3. We all know that the Washington coaches got comfortable with Cousins at the Senior Bowl. None of us would have guessed that this comfort level would have been to the degree where they would be compelled to draft him even with Robert Griffin in the fold. For those that listen to the most ghetto fabulous podcast on the planet--the Hogs Haven Staff Meeting Podcast--you heard last week that Steve Shoup, UK, and myself definitely viewed that extra fourth rounder as a quasi-luxury pick. (None of us was prepared to use it on a quarterback.) Here's my Kool-Aid analysis: If you're Mike and Kyle Shanahan, you think you can take a guy with raw talent and mold him into an NFL starter. It's like flipping a house. You buy low and sell high. You believe that the work you can put into your investment will significantly increase its value. Unlike the current housing market, NFL quarterbacks are still a piping hot commodity. All that said, a LOT has to go your way to be able to flip a quarterback. I am guessing we have all watched enough HGTV to know full well what a miserable game it is to flip houses.
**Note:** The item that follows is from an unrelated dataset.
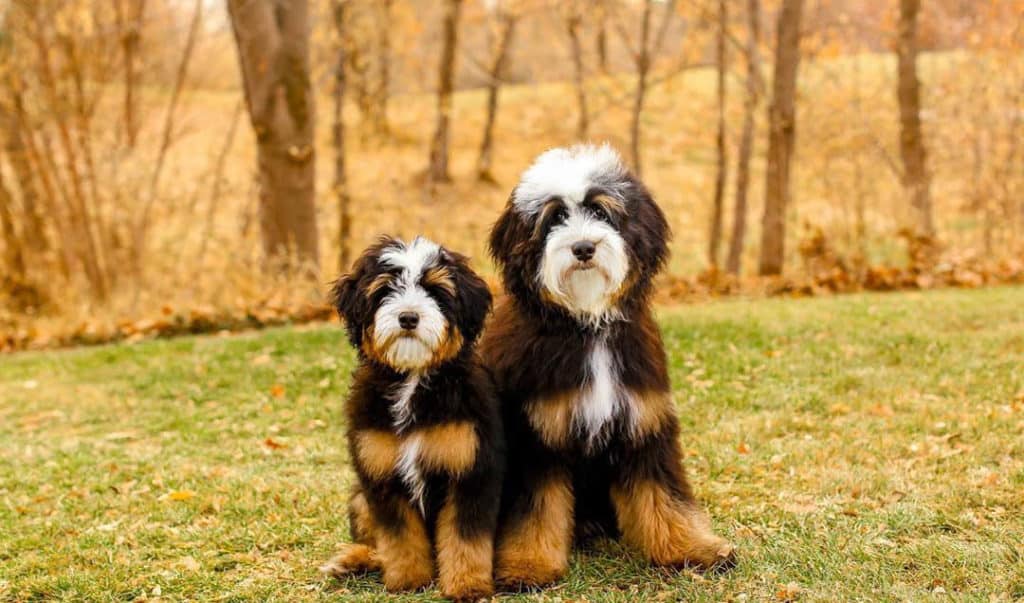 bernedoodle-puppies-4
Here's hoping the Shanahans fare better at flipping quarterbacks (oh THAT is a great show idea.)

4. Collecting young, promising quarterbacks is not something the Redskins should be taking a lot of heat over in my opinion. Unless you have forked over your hard-earned money only to be treated to the likes of Tony Banks, John Friesz or--cough--Danny Wuerffel, save your criticism for a later date. Unless you have tailgated your butt off in the parking lot and then gone inside the stadium only to have your buzz killed by the likes of John Beck, Shane Matthews or--ahem--Rob Johnson, please try and hold off for at least a few months. Unless you have pinned your hopes to Kent Graham, Jeff George or--ohgodohgodohgod--Heath Shuler, try and keep an open mind here.
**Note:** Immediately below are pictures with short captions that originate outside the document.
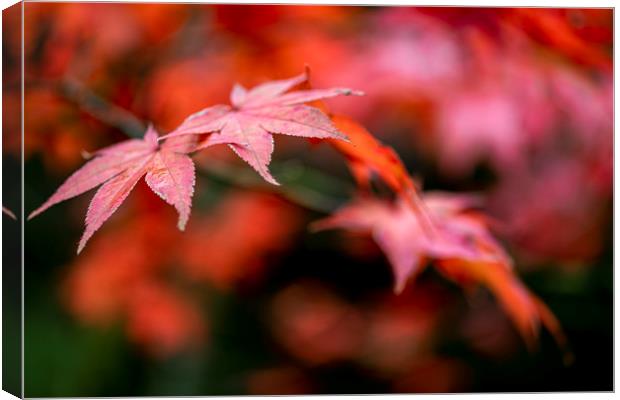 Japanese maple red leafs against a blur background Canvas Print by Ankor Light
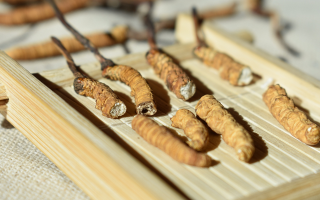 斷的冬蟲夏草一克啥價(jià)？2025 年實(shí)用行情嘮明白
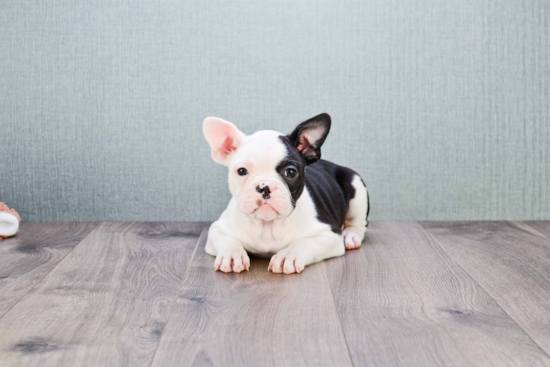 Best French Bulldog Baby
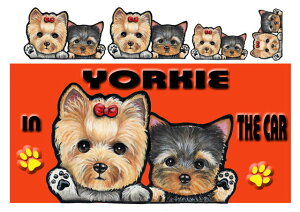 [NV[eA ObY G  }Olbg XebJ[ [L[ 204  XebJ[ [L[ [NV[eA ObY G  av[g NX}X v[g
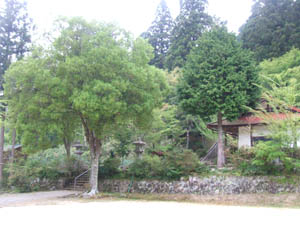 岡安神社全景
5. If Mike Shanahan thinks Cousins has the tools to run his offense, and if Mike Shanahan is able to develop those skills in the next 11-12 months, Cousins' value goes WAY up--to the Redskins as well as the rest of the NFL. He becomes the obvious choice to succeed Rex Grossman as the primary backup in that scenario, while also attracting potential suitors. I don't think you make a move like this without a plan to do EVERYTHING in your power to develop the crap out of Cousins. I don't think you make a move like this without the thought that this guy could easily end up as your starter depending on which scenarios transpire.
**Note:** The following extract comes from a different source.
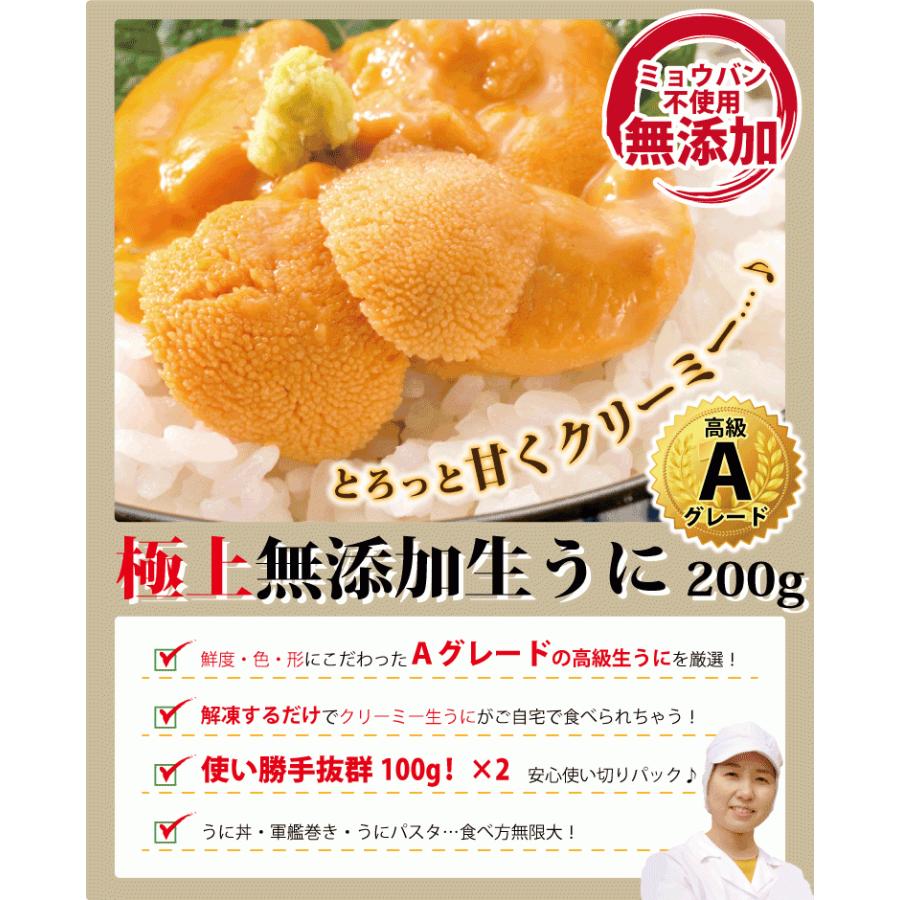 生うに 生ウニ 200g（100g×2）((冷凍)) 無添加 生雲丹 なまうに 生雲丹 お取り寄せ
6. You can't have this discussion without at least mentioning the injury possibilities surrounding a franchise quarterback with the tendencies of an RG3. The fact of the matter is that he can get hurt playing the way he does. Injuries are a reality in the NFL, but without Cousins, the Redskins future would continue to be dependent on Rex Grossman being one play away from the field. How long do you want to live in that world? And as long as we are facing our worst fears here, let's recognize that the kind of injury a mobile quarterback would likely incur is more serious than a sprained ankle. If and when RG3 would be forced to miss time, it would almost certainly be extended time. I would feel a lot better having a backup plan that consisted of a guy hand-picked to groom in our system as opposed to going year-to-year with a Grossman or a veteran free agent. If that is the least Cousins can provide us at this point, I am going to take it and run.

Back-of-the-fridge Busch Light bonus: (Sometimes when you think you have run out of beer, there is a random Busch Light in the crisper or on the door of the fridge hiding behind some salad dressing.) Good teams constantly develop quarterbacks. We have tried, but mostly failed. If the selection of Cousins is even partly tied to the notion that we can start trying to flip quarterbacks for draft picks in the coming years, consider this my standing ovation. Any subsequent controversy that could result from having two good quarterbacks is very, very much welcomed by me.